Unread Book Challenge: CHRONICLES OF NARNIA

I just finished reading The Chronicles of Narnia--all seven books in the series. Now that I have finished reading the books, I have a confession to make: I was dreading reading The Chronicles of Narnia.

I never read the books when I was younger because I didn't much enjoy fantasy books. I remember watching a movie based on The Lion, the Witch, and the Wardrobe when I was younger, and the story didn't appeal to me. I think my sister had the books on her bookshelf (she can correct me if I'm wrong, but I know I remember seeing them on someone's bookshelf...), and I remember thinking, "Why would anyone want to read books about talking animals?" At the time, I just didn't get it. It took me a while to come around to reading fantasy; in fact, I was in college before a friend convinced me to read The Complete Book of Swords, my first foray into fantasy.
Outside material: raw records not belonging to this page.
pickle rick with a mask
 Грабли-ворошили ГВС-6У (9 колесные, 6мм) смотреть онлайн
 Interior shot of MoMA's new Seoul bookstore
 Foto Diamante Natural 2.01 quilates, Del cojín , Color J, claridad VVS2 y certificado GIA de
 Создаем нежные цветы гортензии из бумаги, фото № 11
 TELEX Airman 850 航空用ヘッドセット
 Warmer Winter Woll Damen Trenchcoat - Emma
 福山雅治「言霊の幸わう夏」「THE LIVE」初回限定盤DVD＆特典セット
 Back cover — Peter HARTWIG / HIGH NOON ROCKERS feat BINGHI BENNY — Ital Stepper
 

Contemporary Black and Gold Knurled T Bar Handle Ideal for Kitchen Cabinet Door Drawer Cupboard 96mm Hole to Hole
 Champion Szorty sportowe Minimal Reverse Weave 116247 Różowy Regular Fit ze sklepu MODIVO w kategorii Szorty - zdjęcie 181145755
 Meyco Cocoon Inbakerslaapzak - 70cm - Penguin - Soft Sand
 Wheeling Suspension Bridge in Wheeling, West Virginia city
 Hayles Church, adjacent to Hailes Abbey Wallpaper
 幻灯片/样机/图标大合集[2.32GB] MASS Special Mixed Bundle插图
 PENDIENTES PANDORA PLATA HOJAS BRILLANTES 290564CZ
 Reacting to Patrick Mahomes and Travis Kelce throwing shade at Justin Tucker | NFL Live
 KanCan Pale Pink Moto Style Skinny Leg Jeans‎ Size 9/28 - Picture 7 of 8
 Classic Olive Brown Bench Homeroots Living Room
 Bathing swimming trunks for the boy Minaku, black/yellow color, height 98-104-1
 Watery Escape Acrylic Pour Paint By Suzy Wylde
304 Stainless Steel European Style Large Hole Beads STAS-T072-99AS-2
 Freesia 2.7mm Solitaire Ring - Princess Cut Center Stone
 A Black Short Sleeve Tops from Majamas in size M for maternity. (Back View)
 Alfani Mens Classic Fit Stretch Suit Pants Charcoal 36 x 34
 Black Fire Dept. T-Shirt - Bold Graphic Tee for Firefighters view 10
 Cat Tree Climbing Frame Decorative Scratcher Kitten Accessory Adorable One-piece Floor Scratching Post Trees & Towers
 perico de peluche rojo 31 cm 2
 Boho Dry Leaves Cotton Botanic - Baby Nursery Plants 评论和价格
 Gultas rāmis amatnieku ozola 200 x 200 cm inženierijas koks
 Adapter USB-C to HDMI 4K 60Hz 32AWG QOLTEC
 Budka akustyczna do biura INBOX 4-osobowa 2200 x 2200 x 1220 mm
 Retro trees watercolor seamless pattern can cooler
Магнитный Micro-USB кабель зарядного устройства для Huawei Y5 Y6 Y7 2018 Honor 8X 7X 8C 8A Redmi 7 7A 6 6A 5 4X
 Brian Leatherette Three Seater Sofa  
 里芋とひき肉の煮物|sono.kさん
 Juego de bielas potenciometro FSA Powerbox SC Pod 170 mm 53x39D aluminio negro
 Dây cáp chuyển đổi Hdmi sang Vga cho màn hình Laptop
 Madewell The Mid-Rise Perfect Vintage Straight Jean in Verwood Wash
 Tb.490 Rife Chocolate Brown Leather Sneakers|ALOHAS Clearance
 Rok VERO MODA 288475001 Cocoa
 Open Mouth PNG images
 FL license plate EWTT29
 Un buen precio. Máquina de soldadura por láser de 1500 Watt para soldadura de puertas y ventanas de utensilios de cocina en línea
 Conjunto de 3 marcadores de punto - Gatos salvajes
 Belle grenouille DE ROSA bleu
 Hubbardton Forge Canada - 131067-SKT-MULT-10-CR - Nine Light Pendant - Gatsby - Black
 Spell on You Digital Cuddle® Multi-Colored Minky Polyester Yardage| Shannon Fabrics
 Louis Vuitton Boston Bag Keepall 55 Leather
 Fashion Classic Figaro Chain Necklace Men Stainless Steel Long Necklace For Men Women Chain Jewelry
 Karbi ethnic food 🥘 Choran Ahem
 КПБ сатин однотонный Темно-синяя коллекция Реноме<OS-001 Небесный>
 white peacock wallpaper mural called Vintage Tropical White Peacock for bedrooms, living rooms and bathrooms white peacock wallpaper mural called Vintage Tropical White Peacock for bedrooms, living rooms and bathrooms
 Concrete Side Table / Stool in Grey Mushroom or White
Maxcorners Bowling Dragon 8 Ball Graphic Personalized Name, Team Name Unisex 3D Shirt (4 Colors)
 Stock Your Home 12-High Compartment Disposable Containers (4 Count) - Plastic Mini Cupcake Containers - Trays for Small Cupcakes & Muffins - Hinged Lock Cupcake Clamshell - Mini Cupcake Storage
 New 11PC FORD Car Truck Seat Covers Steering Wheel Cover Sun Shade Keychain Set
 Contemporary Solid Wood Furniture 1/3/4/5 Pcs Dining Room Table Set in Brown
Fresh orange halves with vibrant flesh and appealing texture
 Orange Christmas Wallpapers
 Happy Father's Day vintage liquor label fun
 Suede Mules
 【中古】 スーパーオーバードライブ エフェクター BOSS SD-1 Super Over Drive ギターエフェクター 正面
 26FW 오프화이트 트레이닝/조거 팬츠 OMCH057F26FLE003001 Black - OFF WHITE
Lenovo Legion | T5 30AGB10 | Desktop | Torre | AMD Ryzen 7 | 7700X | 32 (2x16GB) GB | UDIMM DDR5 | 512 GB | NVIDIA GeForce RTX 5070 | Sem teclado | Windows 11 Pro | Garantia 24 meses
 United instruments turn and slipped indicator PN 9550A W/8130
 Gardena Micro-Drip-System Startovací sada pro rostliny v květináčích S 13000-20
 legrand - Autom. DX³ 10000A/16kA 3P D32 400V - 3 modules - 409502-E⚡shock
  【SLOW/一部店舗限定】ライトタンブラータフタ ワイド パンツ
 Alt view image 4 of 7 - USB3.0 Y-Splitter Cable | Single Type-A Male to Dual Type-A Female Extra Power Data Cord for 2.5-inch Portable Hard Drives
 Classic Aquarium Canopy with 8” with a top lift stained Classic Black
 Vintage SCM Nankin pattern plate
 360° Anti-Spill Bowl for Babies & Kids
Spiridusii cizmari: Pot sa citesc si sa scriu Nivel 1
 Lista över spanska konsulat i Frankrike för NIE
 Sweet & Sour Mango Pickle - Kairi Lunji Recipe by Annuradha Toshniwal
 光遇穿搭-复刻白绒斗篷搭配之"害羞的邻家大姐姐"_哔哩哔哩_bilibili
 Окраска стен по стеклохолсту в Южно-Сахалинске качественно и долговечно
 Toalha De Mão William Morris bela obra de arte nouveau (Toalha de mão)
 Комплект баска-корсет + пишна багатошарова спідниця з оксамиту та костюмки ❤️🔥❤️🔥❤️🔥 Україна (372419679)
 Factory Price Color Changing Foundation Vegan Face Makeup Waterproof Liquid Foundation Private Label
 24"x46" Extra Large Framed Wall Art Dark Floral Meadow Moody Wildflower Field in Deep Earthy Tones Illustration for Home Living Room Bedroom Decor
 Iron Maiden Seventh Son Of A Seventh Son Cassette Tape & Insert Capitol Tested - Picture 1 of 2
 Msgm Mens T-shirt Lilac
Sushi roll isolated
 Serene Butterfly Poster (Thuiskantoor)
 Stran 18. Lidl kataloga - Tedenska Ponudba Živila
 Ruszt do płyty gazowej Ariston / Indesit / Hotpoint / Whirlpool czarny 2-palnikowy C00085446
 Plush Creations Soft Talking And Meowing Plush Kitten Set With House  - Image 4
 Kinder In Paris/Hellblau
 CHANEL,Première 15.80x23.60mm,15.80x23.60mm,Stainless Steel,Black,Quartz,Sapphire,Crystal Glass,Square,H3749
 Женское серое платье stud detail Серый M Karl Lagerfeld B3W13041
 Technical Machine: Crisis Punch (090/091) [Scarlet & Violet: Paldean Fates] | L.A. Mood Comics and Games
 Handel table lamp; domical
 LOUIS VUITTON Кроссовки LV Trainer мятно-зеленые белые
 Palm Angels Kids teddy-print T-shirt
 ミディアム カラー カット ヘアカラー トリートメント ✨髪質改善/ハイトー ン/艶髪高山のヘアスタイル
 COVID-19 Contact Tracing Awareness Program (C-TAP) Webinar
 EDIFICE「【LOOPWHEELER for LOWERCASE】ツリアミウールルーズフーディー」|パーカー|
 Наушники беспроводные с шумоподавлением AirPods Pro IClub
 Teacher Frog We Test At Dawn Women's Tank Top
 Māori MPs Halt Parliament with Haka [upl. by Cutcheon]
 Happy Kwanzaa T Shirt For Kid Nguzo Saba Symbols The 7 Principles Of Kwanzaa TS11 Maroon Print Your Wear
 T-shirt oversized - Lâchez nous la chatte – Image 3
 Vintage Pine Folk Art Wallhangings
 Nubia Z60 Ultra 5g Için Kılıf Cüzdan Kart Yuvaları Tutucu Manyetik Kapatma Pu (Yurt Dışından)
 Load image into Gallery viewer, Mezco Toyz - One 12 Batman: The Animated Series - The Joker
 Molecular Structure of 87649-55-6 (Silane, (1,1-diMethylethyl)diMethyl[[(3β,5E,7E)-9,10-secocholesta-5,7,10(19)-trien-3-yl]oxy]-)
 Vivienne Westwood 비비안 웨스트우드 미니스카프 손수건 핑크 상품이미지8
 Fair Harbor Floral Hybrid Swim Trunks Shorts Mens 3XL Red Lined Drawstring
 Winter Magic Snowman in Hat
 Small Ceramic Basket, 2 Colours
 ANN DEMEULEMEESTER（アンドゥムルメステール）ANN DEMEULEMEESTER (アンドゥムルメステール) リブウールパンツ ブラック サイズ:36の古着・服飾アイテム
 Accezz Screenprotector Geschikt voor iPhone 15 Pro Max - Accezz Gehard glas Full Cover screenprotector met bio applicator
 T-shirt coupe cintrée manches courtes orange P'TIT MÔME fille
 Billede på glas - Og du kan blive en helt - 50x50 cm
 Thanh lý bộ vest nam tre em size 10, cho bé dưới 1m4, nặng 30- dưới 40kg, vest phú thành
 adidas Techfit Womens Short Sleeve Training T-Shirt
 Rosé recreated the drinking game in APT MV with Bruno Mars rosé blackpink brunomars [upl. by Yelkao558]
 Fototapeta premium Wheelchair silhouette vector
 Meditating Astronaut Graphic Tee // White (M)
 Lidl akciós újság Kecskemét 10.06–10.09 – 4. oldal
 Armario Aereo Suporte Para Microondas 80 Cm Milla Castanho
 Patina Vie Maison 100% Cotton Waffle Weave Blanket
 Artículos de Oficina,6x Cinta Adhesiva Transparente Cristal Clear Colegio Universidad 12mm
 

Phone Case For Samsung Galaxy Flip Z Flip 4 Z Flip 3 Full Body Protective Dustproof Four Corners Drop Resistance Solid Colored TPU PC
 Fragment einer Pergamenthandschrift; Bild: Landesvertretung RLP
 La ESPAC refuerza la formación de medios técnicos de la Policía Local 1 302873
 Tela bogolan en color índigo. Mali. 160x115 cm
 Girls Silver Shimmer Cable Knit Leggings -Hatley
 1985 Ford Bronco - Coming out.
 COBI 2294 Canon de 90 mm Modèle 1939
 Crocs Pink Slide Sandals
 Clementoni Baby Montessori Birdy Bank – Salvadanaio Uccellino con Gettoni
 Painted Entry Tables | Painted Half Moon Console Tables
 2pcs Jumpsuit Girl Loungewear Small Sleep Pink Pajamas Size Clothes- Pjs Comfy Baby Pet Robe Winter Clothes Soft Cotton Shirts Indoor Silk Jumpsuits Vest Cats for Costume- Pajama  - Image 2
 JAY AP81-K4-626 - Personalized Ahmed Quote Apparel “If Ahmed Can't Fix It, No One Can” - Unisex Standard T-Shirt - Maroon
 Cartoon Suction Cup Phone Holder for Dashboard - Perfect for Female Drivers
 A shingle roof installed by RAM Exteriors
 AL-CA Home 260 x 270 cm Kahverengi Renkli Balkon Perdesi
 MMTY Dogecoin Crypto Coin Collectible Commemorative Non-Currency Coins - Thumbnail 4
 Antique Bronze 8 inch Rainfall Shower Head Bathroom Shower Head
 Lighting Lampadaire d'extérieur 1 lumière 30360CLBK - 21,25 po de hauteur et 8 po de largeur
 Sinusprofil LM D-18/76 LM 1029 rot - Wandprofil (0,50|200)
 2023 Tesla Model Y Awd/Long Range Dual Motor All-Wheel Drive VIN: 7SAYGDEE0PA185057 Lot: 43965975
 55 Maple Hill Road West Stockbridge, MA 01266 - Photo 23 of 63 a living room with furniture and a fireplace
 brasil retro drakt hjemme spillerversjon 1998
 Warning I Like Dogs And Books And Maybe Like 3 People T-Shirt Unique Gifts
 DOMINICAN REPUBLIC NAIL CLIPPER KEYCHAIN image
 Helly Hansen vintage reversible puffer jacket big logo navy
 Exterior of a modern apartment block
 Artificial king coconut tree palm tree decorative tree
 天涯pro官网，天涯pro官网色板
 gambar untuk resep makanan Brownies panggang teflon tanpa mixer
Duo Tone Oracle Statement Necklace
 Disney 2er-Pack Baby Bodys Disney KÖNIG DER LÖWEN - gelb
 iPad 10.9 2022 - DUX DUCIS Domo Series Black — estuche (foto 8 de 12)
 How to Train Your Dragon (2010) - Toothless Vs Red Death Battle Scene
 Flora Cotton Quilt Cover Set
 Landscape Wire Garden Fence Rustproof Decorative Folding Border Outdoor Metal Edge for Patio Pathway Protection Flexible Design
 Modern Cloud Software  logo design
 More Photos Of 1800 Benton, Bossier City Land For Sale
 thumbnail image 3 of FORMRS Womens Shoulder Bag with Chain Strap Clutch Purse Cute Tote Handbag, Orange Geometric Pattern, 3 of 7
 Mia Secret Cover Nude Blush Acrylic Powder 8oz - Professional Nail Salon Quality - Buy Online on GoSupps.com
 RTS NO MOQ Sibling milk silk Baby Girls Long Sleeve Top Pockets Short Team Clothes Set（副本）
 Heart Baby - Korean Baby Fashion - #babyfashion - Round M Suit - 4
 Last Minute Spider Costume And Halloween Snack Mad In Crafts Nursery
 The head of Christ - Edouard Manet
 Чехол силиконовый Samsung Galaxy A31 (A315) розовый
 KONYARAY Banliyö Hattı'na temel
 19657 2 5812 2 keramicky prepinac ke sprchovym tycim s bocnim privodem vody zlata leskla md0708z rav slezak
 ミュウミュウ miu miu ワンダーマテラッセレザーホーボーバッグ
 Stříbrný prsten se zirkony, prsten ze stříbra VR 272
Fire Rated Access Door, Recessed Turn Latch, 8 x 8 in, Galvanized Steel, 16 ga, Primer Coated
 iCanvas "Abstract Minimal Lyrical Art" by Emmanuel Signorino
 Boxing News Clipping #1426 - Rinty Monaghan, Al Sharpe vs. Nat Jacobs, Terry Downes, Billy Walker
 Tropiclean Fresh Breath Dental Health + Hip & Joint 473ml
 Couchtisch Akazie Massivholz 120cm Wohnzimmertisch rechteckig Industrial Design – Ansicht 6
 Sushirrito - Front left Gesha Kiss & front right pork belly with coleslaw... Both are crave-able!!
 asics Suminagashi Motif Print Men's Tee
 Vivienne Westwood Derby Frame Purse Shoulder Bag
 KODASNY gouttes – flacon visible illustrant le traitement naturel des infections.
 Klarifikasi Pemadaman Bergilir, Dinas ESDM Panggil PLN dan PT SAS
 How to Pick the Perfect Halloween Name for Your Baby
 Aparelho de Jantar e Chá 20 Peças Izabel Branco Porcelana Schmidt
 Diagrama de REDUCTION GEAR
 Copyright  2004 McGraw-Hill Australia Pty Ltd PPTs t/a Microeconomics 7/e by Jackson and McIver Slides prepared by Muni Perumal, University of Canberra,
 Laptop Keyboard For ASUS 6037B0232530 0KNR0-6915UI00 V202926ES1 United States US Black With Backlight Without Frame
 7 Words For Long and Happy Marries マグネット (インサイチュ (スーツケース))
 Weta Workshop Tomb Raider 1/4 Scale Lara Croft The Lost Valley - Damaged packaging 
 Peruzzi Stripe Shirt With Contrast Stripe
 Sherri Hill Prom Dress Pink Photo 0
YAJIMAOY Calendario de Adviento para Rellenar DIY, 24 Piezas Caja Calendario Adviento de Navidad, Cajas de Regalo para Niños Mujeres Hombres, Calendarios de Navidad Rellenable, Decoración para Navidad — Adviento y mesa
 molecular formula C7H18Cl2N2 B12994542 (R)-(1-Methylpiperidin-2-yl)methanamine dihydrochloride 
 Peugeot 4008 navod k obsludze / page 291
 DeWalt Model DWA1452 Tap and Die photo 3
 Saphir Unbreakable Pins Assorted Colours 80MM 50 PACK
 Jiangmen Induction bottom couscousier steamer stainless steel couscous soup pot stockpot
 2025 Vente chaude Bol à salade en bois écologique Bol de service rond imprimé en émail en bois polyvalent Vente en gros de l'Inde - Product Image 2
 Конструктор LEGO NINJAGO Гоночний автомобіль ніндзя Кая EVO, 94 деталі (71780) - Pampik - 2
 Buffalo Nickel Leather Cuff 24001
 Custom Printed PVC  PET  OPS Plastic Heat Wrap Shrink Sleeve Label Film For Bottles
It wouldn't be until I read Harry Potter, though, that the true magnificence of fantasy would finally open my eyes to a genre I had been largely ignoring most of my life.

And so, it was with a bit of trepidation that I included The Chronicles of Narnia in my Book to Read Next Poll because I figured that would be the winner. My underlying motive was to read it early on in the Unread Books Challenge, though, so that I could get it out of the way.

I had started reading the books right after my son was born (a little over 4 years ago), and I still had my small paper bookmark, showing the place where I had stopped reading (right after the beginning of The Lion, the Witch, and the Wardrobe). So I had made it through the first book in the series, but I couldn't remember a single thing about what I had read (which I find odd, seeing as how I can leave off for several years in the middle of other books and have no problems picking the storyline up again). I began at the beginning.

I flew through the series--not because I was skimming to get to the end but because I was so intrigued that I had to keep going. I wish I had read the books when I was younger because I'd like to know what I would have thought of the books as a younger reader; as an adult, I found I wanted to get out my red editor's pen and mark places that could have used a bit more detail (I've read that J.R.R. Tolkien, a friend of C.S. Lewis, felt the same way about the books), yet I still adored the stories. I adored the stories so much that I'll be dedicating at least two upcoming posts to stories of Narnia.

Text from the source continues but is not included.